How do I automate Smartsheet API "get_sheet" function to go through a list of sheets and save data?

J.Greene
J.Greene ✭✭
edited 11/09/22 in API & Developers

Hi,


I'm currently creating a catalogue of all sheets in a workspace using the "get_sheet" function.


The data I'm collecting (crossSheetReferences, cellLinkIn, LinksOut) can only be found within the "get_sheet" function.


I have a list of sheet ID's (sheet_list) that I use for collecting data.


My code (python) looks like this:

smart = smartsheet.Smartsheet(key)

response = smart.Sheets.get_sheet(sheet_list[1], include = "crossSheetReferences")

#1 being position of sheet ID in sheet_list.



If I try and do a for loop like so:

for i in sheet_list:

response = smart.Sheets.get_sheet(i, include = "crossSheetReferences")


It takes 30mins to finish execution, but it only saves on a single smartsheet object. I can check and see that I viewed every page via API on the smartsheet activity log, but it doesn't seem to save properly to "response". I only get cell data from one sheet.


Any help with this or a workaround would be appreciated. I could go through get_sheet individually for every sheet, but my catalogue contains thousands of sheets across several workspaces, so it would be fairly tedious. Thanks

Best Answer

  • bsikes
    bsikes ✭✭✭✭
    Answer ✓

    I'm not familiar with Python, but if that's your code I would guess that your saving over the response variable each time you go through your loop. Meaning the last sheet that you get_sheet on, is the only one in the response variable.

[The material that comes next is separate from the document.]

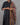 Close-up of butta on women's black semil-silk 3pc kurti set with dupatta
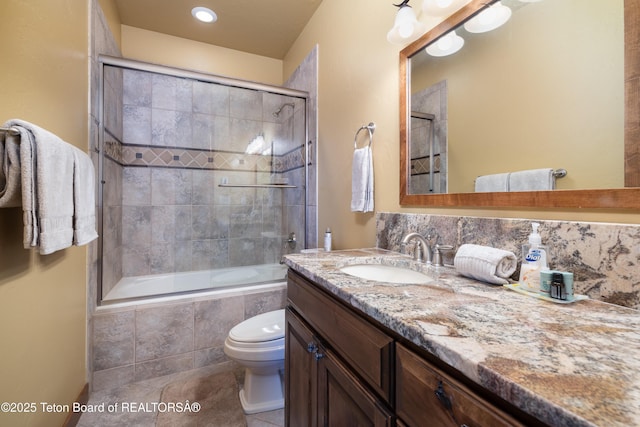 720 E Paintbrush Dr, Jackson, WY 83001 - full bath featuring toilet, vanity, tiled shower / bath combo, and tile patterned flooring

    If that's the case, I think you would need to add the response variable to some kind of a collection/array after each call.

Answers

  • bsikes
    bsikes ✭✭✭✭
    Answer ✓

    I'm not familiar with Python, but if that's your code I would guess that your saving over the response variable each time you go through your loop. Meaning the last sheet that you get_sheet on, is the only one in the response variable.

    If that's the case, I think you would need to add the response variable to some kind of a collection/array after each call.

  • Thanks for the input. I figured it out with the following:

    responsefull = []

    for i in sheet_list:

    response = smart.Sheets.get_sheet(i, include = "crossSheetReferences")

    responsefull.append(response)


    Now, I have individal smartsheet objects saving correctly instead of into one, such as:

    <smartsheet.models.sheet.Sheet at 0AaAaAaAa0>

    However, I'm trying to parse this as json and save to a pandas dataframe for analysis.

    My code for that is as follows:

    strresponsefull = [ ]

    for i in responsefull:

    strresponse = str(i)

    strresponsefull .append(strresponse)

    strresponsefull = str(strresponsefull)

    strresponsefull = strresponsefull.lstrip("[\'")

    strresponsefull = strresponsefull.rstrip("\']")

    strresponsefull = json.dumps(strresponsefull ,skipkeys = False)


    y = json.loads(strresponsefull)

    My issue is: this last function doesn't load in JSON format correctly. I think it's because I use [ ] to store as a list, then try and reformat it with lstrip. When I previously did this with just one sheet, I didn't need to store it in a list for it to be pulled into a dataframe. In this case, y is a str, but i need it as a dict. converting y to dict at this stage doesn't work as it returns a blank df with the following code:

    df = pd.DataFrame.from_dict(pd.json_normalize(y), orient='columns')


    The goal is to use this along with finding tuples for "crossSheetReferences" as well as "linkInFromCell" and "linksOutToCells" with this:

    data = y


    tree_obj = objectpath.Tree(data)


    crossSheets = tuple(tree_obj.execute('$..crossSheetReferences'))


    The above code works, but only if y is one sheet, not several. y in this case needs to be a dictionary. I will paste below the full working code for a single sheet:

    response = smart.Sheets.get_sheet(sheet_list[1], include = "crossSheetReferences")

    strresponse = str(response)

    y = json.loads(strresponse)

    data = y


    tree_obj = objectpath.Tree(data)


    crossSheets = tuple(tree_obj.execute('$..crossSheetReferences'))

    #prints out all crossReferences for this sheet

    df = pd.DataFrame.from_dict(pd.json_normalize(y), orient='columns')

    #then add crossSheets to df

    Any help would be appreciated. Thanks